Only lines, not pictures: please repeat exactly the lines from the one with "ポスター発表はチャンスの宝庫！ - 一歩進んだ発表のための計画・準備から当日のプレゼン" through the end of the listing.

Stored data:
────────────────
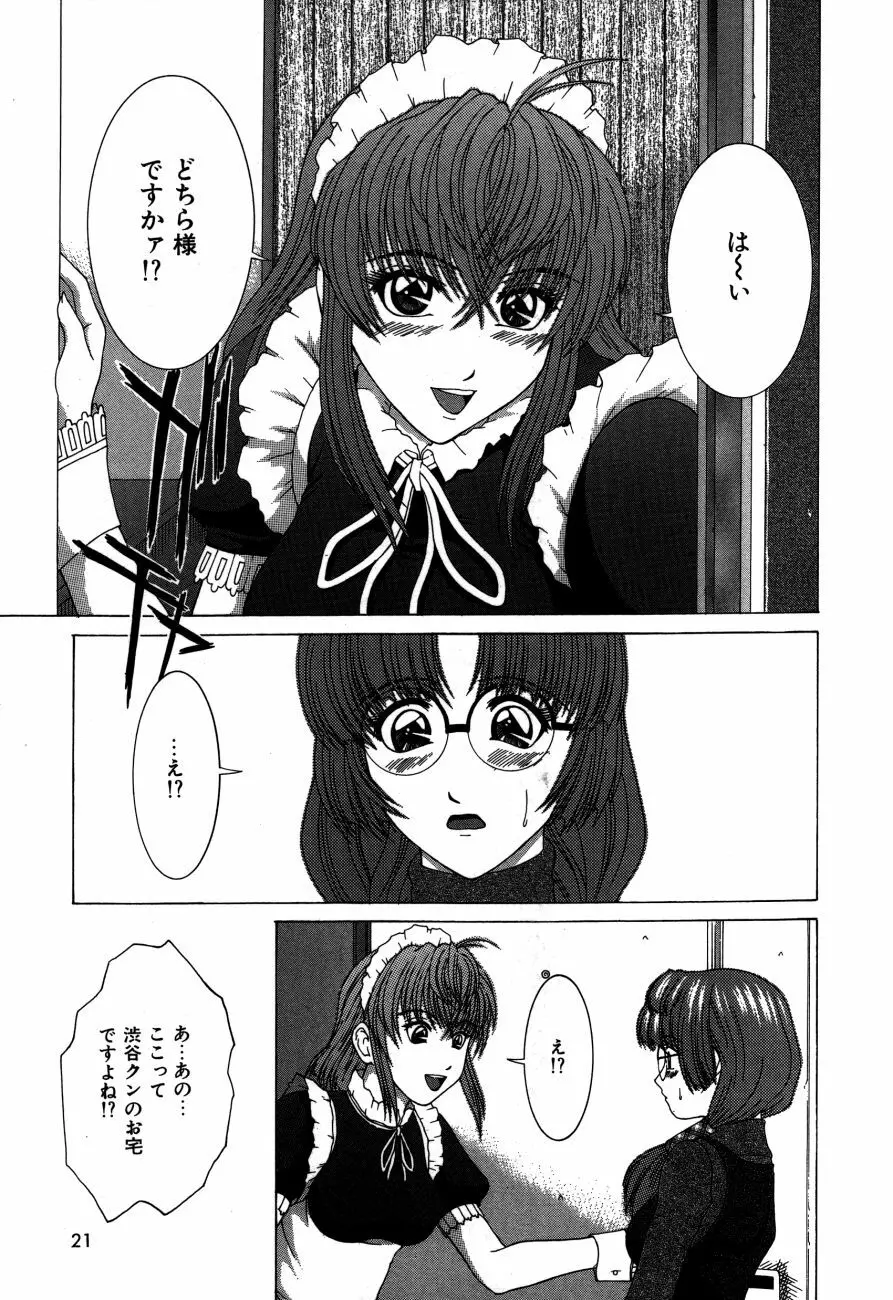 ありす淫ザ ワンダーランド Page.24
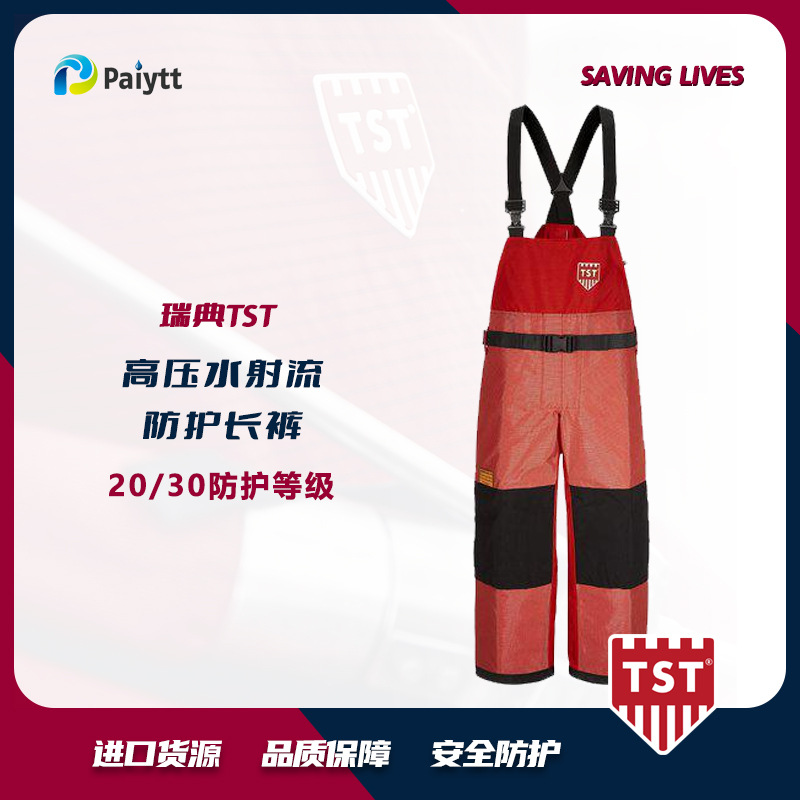 防护服 瑞典TST 高压防护服 背带裤  3000bar 水刀防护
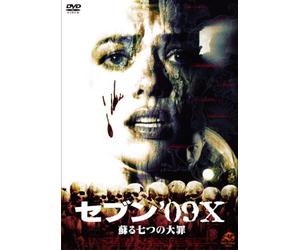 Michael Dorn-Fallen Angels [Edizione: Giappone] [Import]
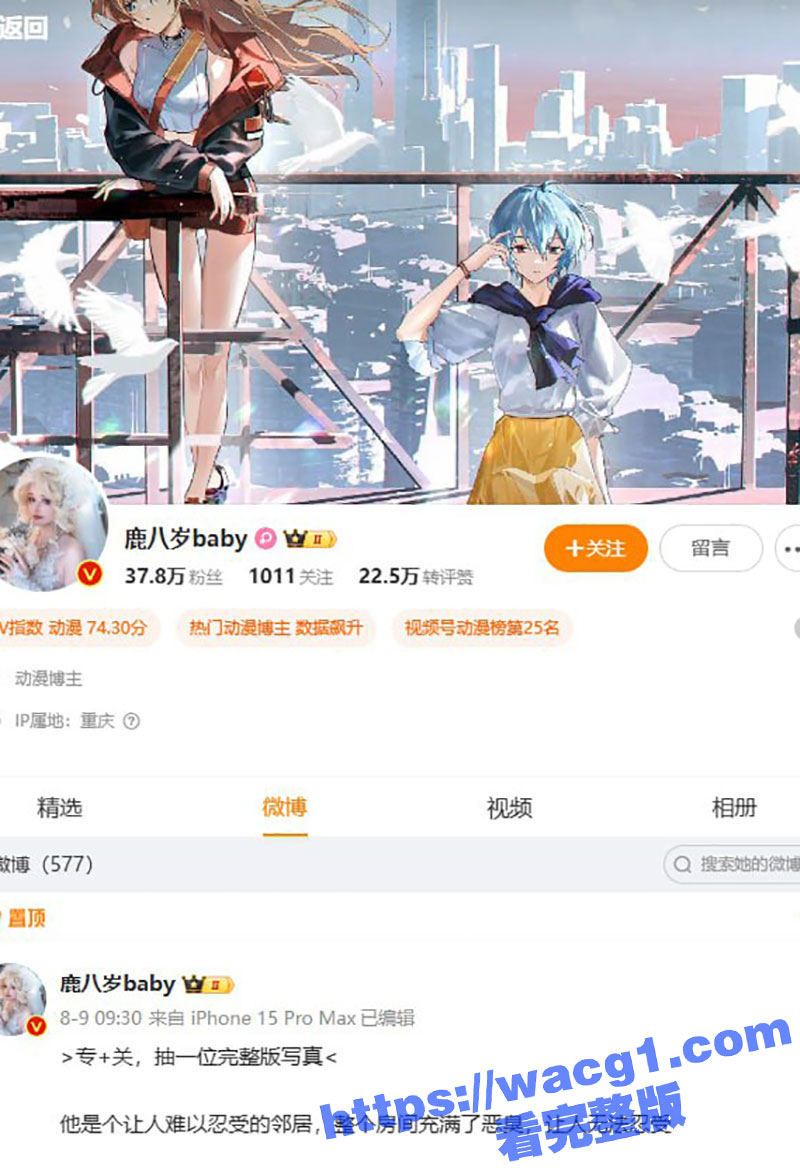 微博22W粉丝的人气露脸福利姬 鹿八岁baby 最新收费作品免费看！Cos特工 将漫画里的人物完美带到现实！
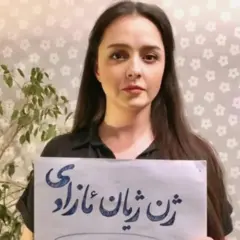 Taraneh Alidoosti'nin fotoğrafı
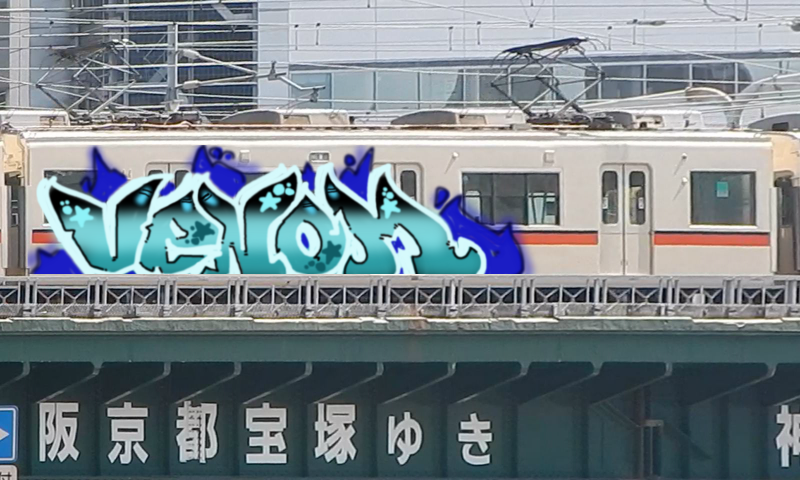 Bombing 1645668933474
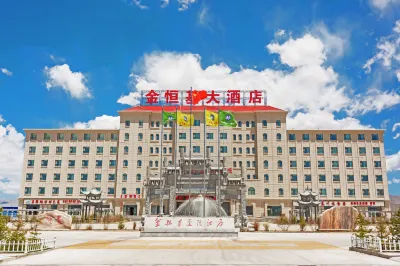 Jinhengji Hotel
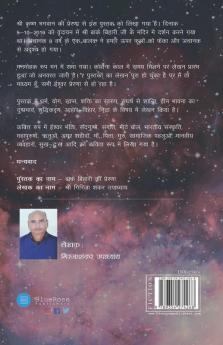 Banke Bihari Ke Prerna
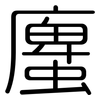 螷: rounded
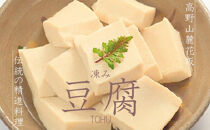 ◇高野山麓花坂  伝統の精進料理  凍み豆腐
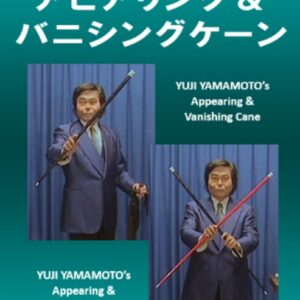 Appearing & Vanishing Cane by Yuji Yamamoto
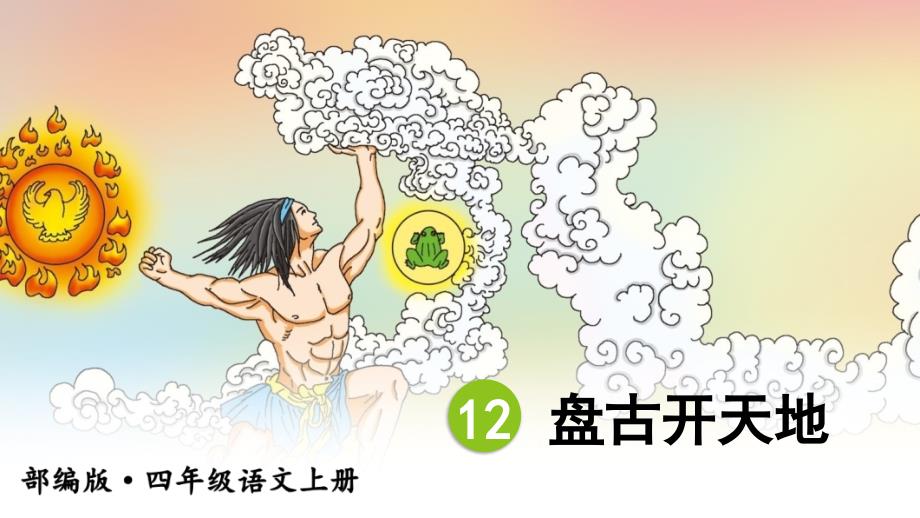 部编版（统编）小学语文四年级上册第四单元《12 盘古开天地》教学课件PPT_第2页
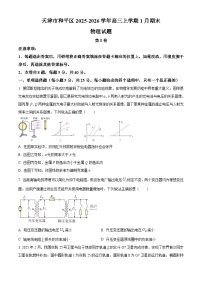 天津市和平区2025-2026学年高三上学期1月期末物理试题（原卷版+解析版）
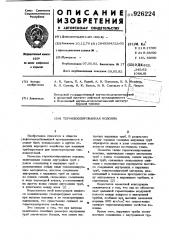 Термоизолированная колонна (патент 926224)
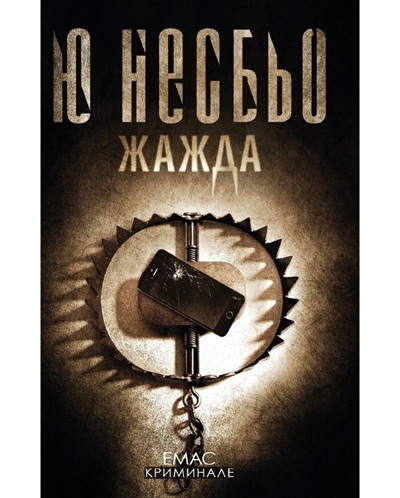 Корица на „Жажда” от Ю Несбьо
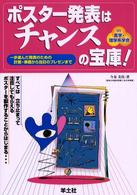 ポスター発表はチャンスの宝庫！ - 一歩進んだ発表のための計画・準備から当日のプレゼン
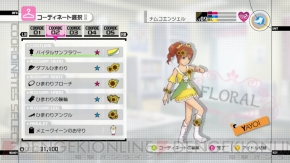 『アイドルマスター2』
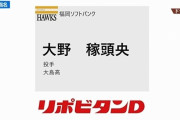 ソフトB4位の大野稼頭央、指名を受けて大喜びｗｗｗｗｗ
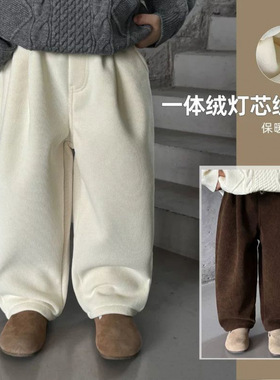 男童加绒裤子一体绒冬季2025新款秋冬装儿童灯芯绒长裤白色休闲裤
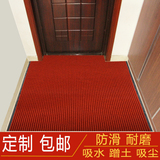 地垫门垫客厅进门门厅入户防滑垫脚垫过道走廊家用地毯可裁剪地毯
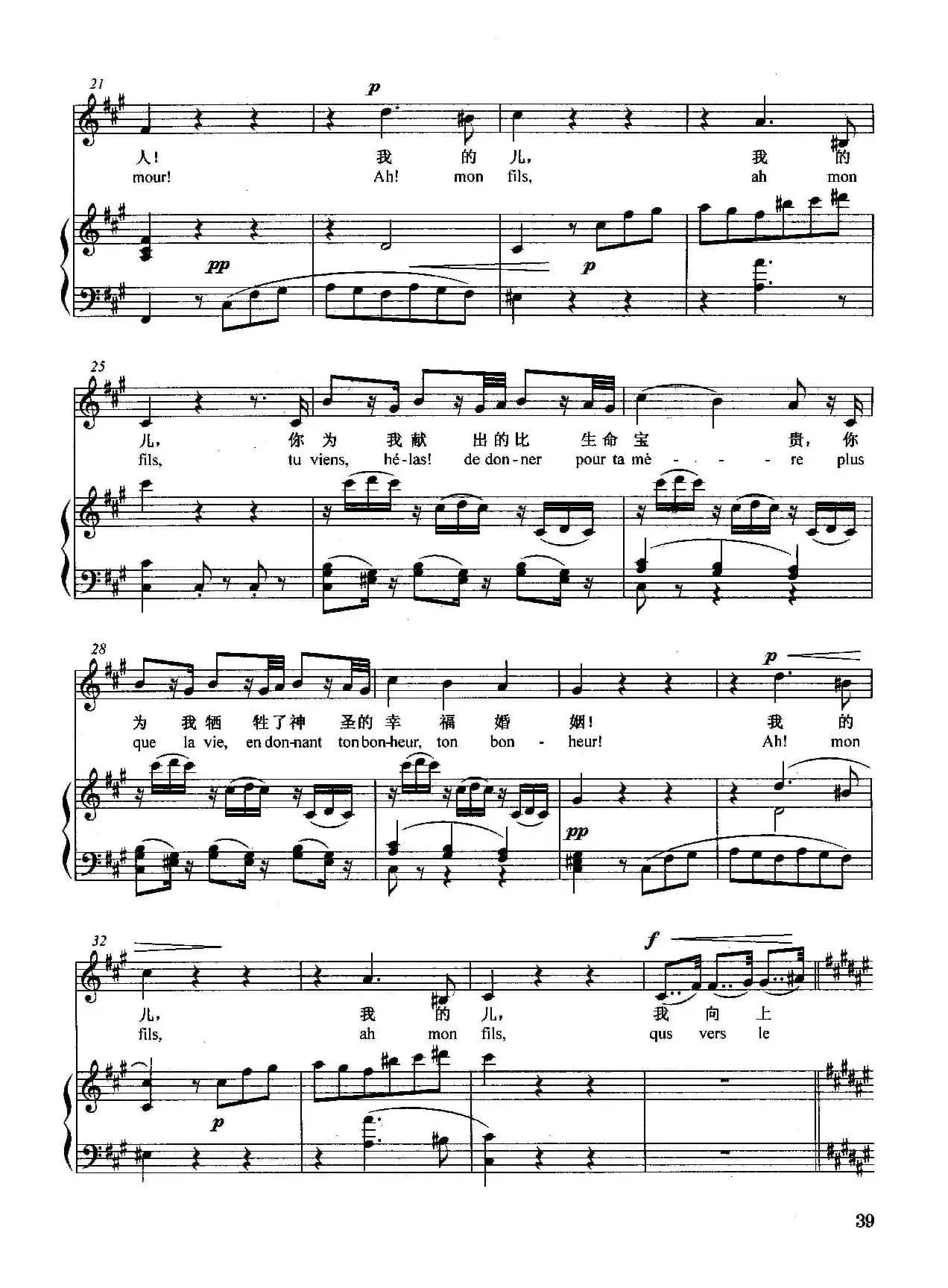 [德]我的儿（正谱）（选自歌剧《先知》）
────────────────
Task answer:
 ポスター発表はチャンスの宝庫！ - 一歩進んだ発表のための計画・準備から当日のプレゼン
 『アイドルマスター2』
 ソフトB4位の大野稼頭央、指名を受けて大喜びｗｗｗｗｗ
 男童加绒裤子一体绒冬季2025新款秋冬装儿童灯芯绒长裤白色休闲裤
 地垫门垫客厅进门门厅入户防滑垫脚垫过道走廊家用地毯可裁剪地毯
 [德]我的儿（正谱）（选自歌剧《先知》）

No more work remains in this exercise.